Hoping by demonstrating familiarity with Abigail’s habits would engender trust, Clare asked, ‘does she bring her knitting in with her?’ It worked, to a degree. Edwina seemed to relax a little as she tried to brush the knots from Clare’s straggly hair. Tugging.
‘Oh God. Does she ever. The housekeeper taught her when she was little, so I heard. Still… that’s probably one of the most normal things she does. Know what I mean?’

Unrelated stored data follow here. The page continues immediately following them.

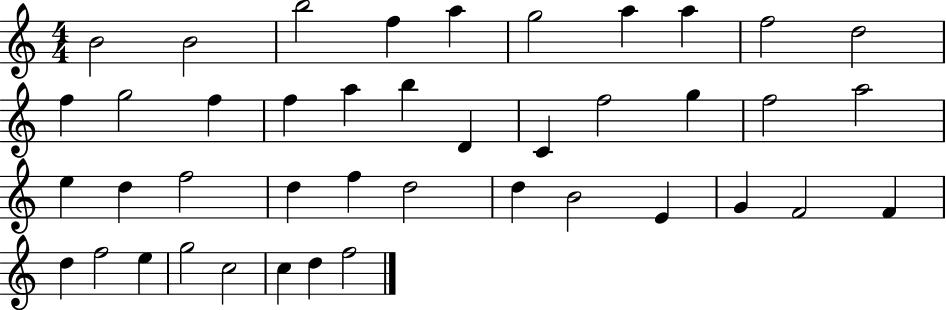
{
  \clef treble
  \numericTimeSignature
  \time 4/4
  \key c \major
  b'2 b'2 | b''2 f''4 a''4 | g''2 a''4 a''4 | f''2 d''2 | \break f''4 g''2 f''4 | f''4 a''4 b''4 d'4 | c'4 f''2 g''4 | f''2 a''2 | \break e''4 d''4 f''2 | d''4 f''4 d''2 | d''4 b'2 e'4 | g'4 f'2 f'4 | \break d''4 f''2 e''4 | g''2 c''2 | c''4 d''4 f''2 | \bar "|."
}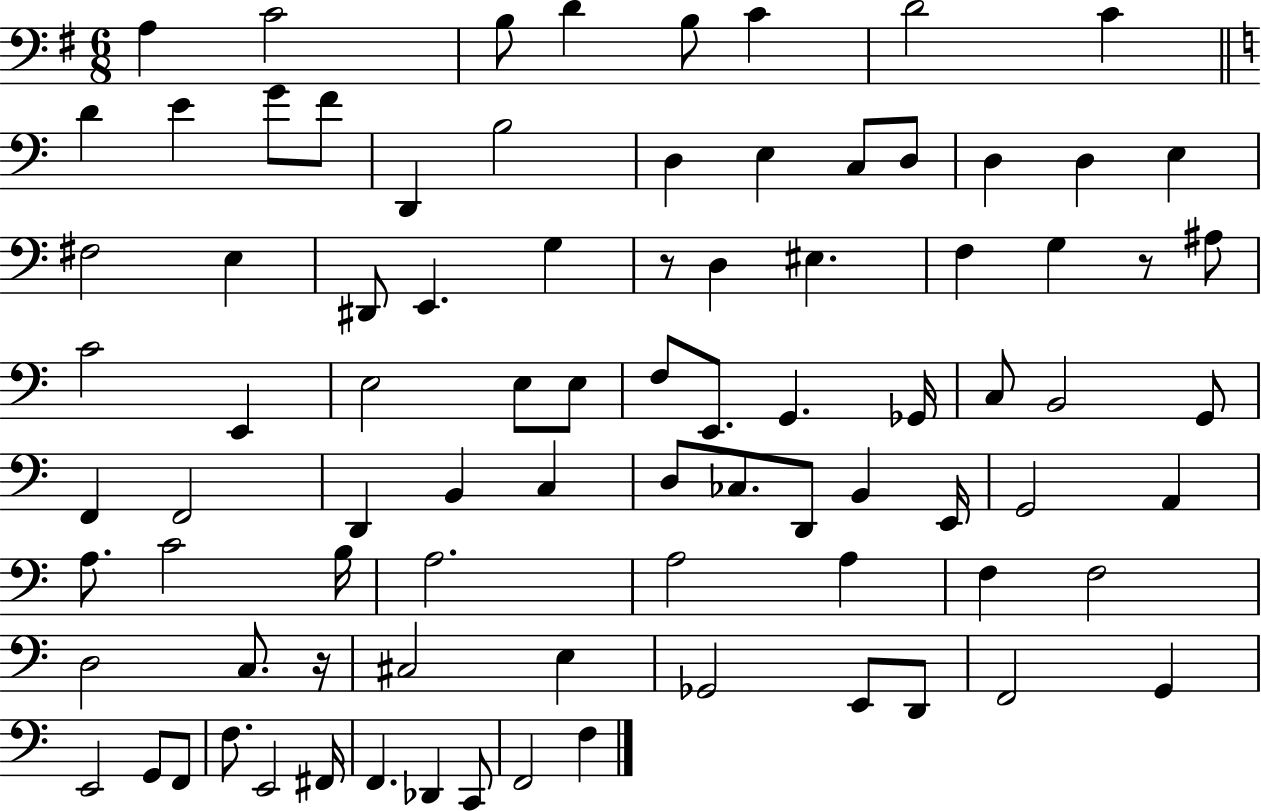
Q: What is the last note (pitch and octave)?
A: F3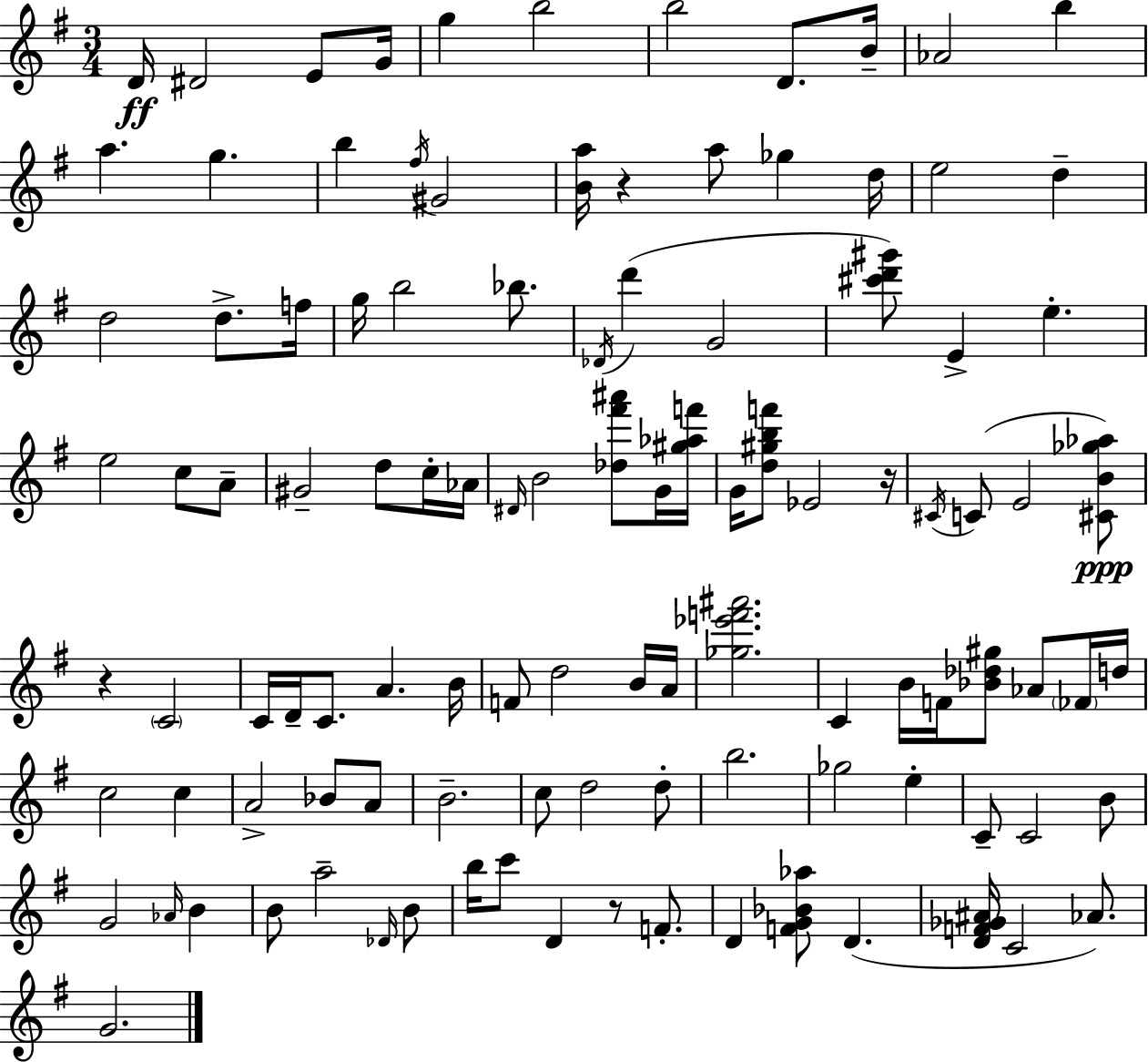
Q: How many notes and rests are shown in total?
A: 108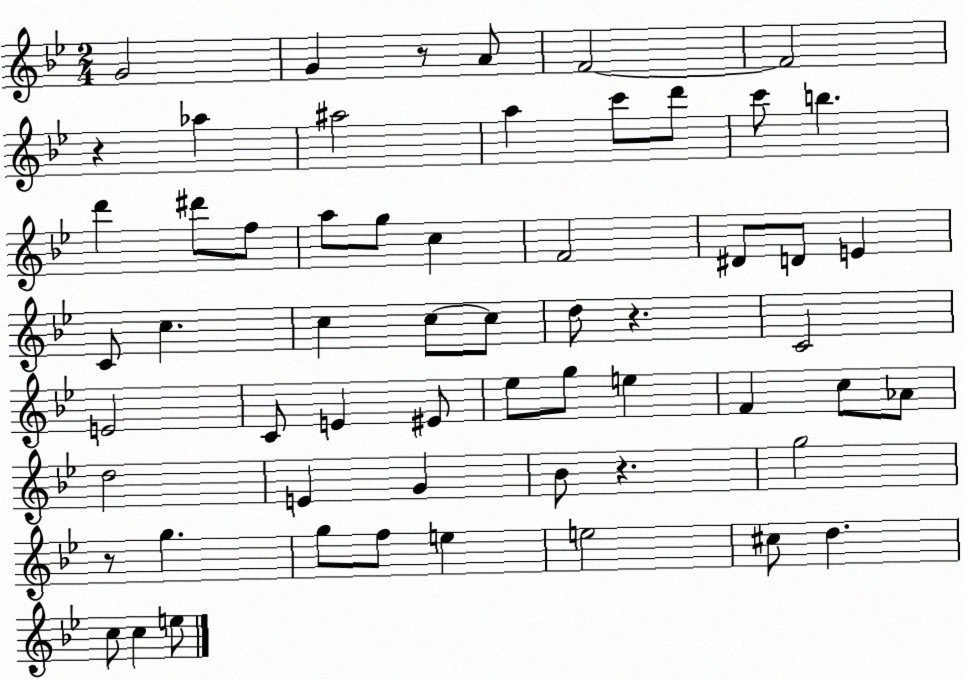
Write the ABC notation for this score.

X:1
T:Untitled
M:2/4
L:1/4
K:Bb
G2 G z/2 A/2 F2 F2 z _a ^a2 a c'/2 d'/2 c'/2 b d' ^d'/2 f/2 a/2 g/2 c F2 ^D/2 D/2 E C/2 c c c/2 c/2 d/2 z C2 E2 C/2 E ^E/2 _e/2 g/2 e F c/2 _A/2 d2 E G _B/2 z g2 z/2 g g/2 f/2 e e2 ^c/2 d c/2 c e/2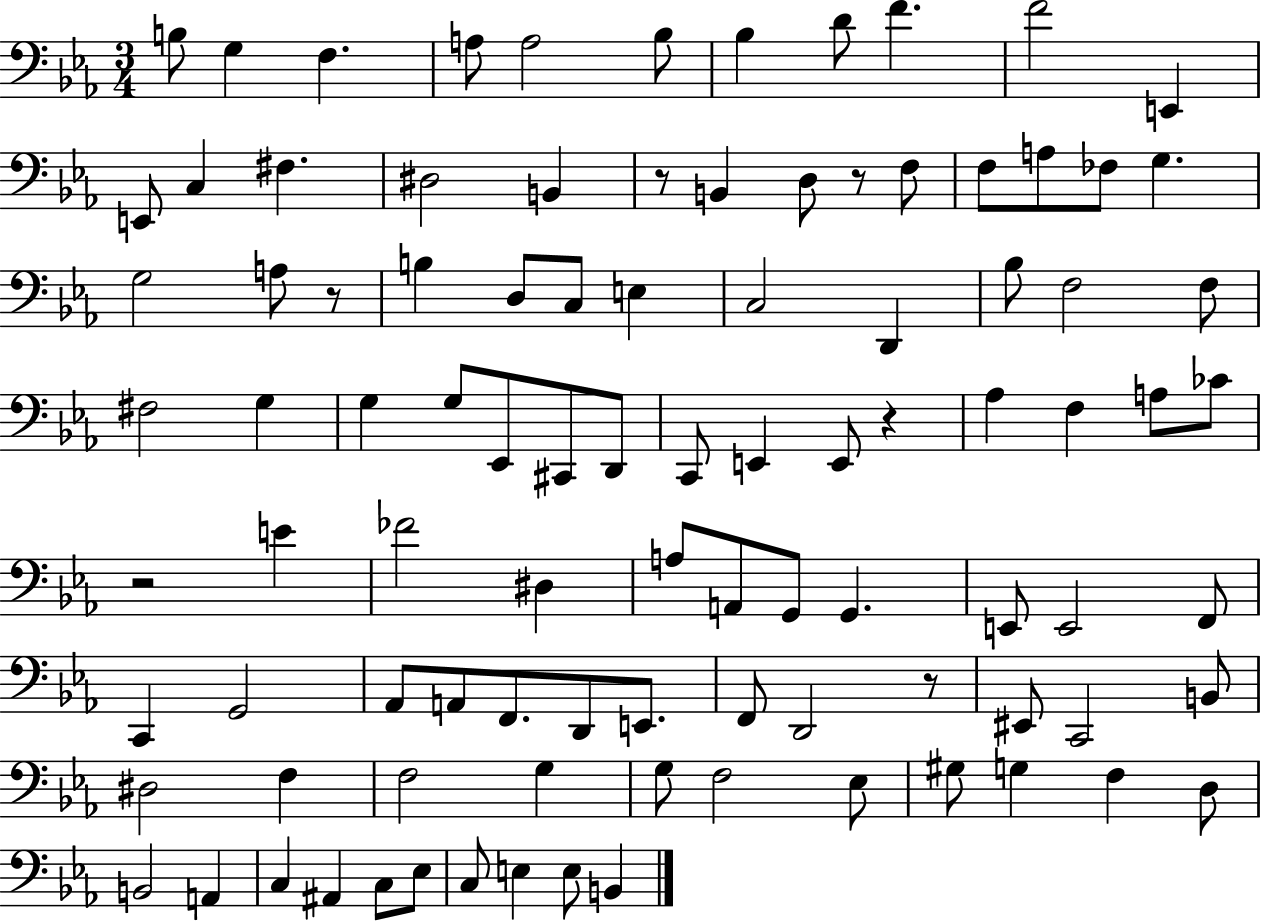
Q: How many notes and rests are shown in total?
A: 97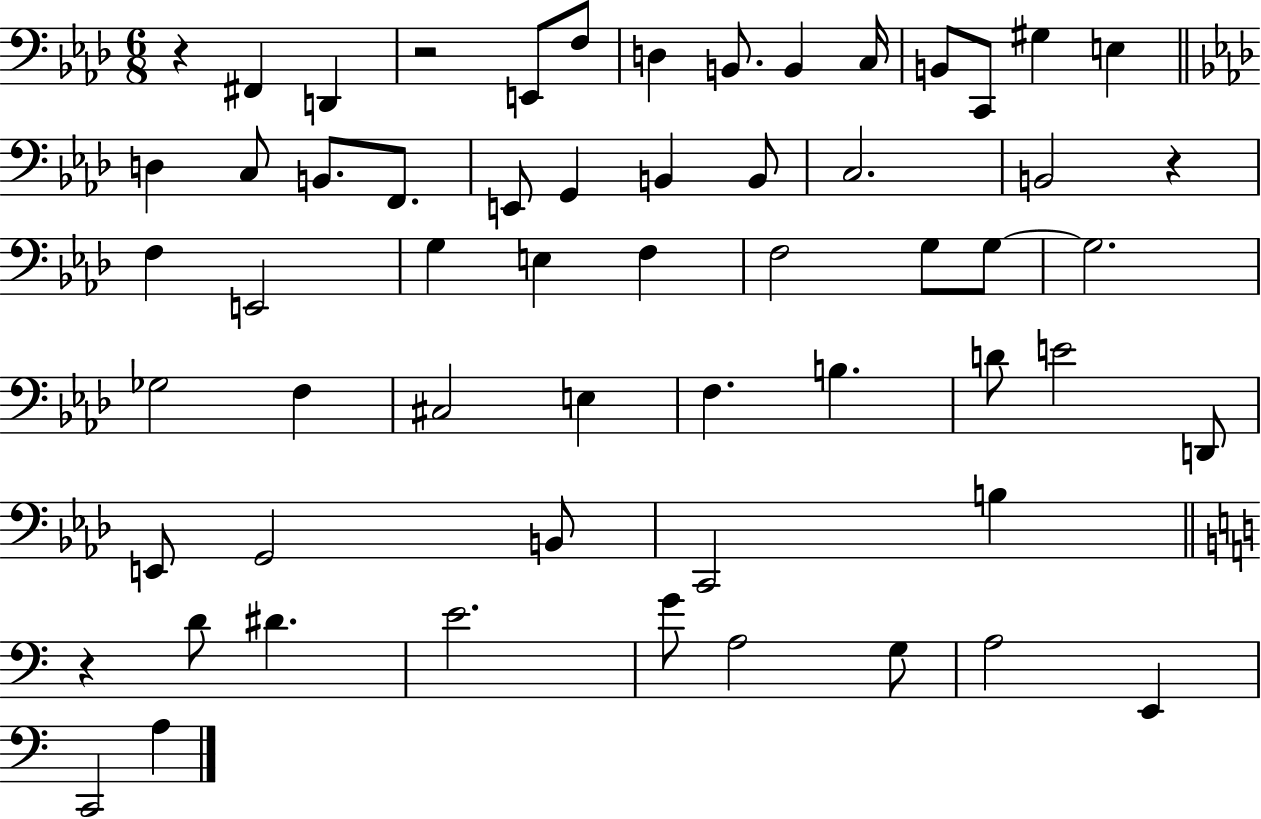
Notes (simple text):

R/q F#2/q D2/q R/h E2/e F3/e D3/q B2/e. B2/q C3/s B2/e C2/e G#3/q E3/q D3/q C3/e B2/e. F2/e. E2/e G2/q B2/q B2/e C3/h. B2/h R/q F3/q E2/h G3/q E3/q F3/q F3/h G3/e G3/e G3/h. Gb3/h F3/q C#3/h E3/q F3/q. B3/q. D4/e E4/h D2/e E2/e G2/h B2/e C2/h B3/q R/q D4/e D#4/q. E4/h. G4/e A3/h G3/e A3/h E2/q C2/h A3/q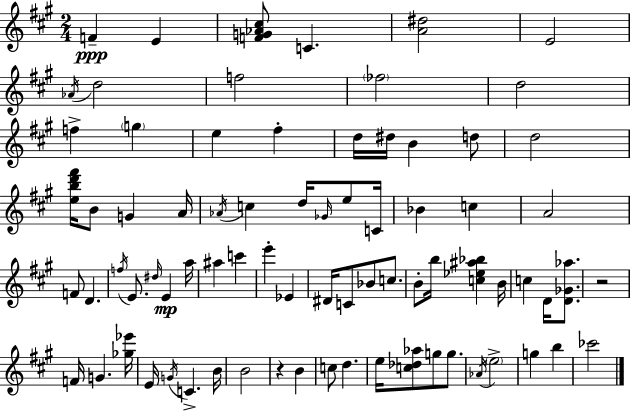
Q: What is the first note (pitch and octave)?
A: F4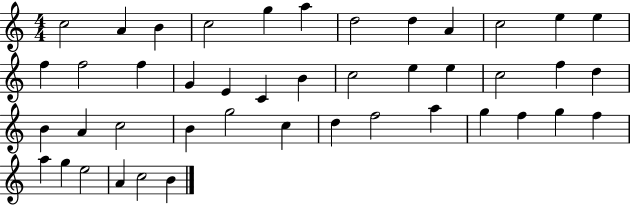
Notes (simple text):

C5/h A4/q B4/q C5/h G5/q A5/q D5/h D5/q A4/q C5/h E5/q E5/q F5/q F5/h F5/q G4/q E4/q C4/q B4/q C5/h E5/q E5/q C5/h F5/q D5/q B4/q A4/q C5/h B4/q G5/h C5/q D5/q F5/h A5/q G5/q F5/q G5/q F5/q A5/q G5/q E5/h A4/q C5/h B4/q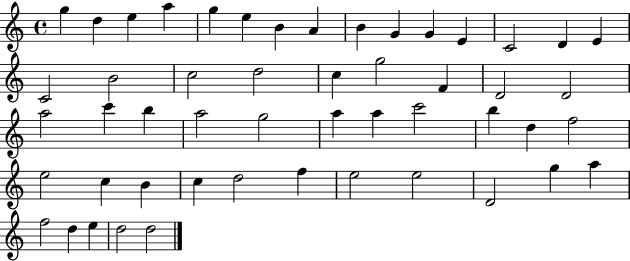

Clare desperately wanted her to expand further, as she didn’t know what Edwina meant. Not really. Not in detail. Abigail had been tight-lipped about her home life, choosing to brush over most facts. She never mentioned a housekeeper of any description and Clare was eager to know more, however, Edwina returned to the safe subject of knitting.
‘I put in an order for a Christmas jumper, one with a snowman and a carrot, but I’m not holding my breath.’
If there was one thing for certain, Edwina shouldn’t hold her breath. The wheezing and coughing would suggest she needed as much oxygen as she could suck in. Clare guessed her to be in her early forties, but the damage to her skin from smoking and a life led to the full, made it hard to be accurate. A thick layer of foundation and hefty use of other cosmetic enhancements made the job of working out her age all the harder. Anyhow, it wasn’t relevant to the mission, just helpful in knowing where to aim conversation. Trying not to lose momentum, Clare asked, ‘did Abi seem her usual self the last time you saw her?’
‘She was fine.’ Full stop. As the smile ebbed, Edwina made it clear she would not be imparting any further personal information about her client. No wonder Quentin got the sack if this was the level of care taken to maintain client privacy.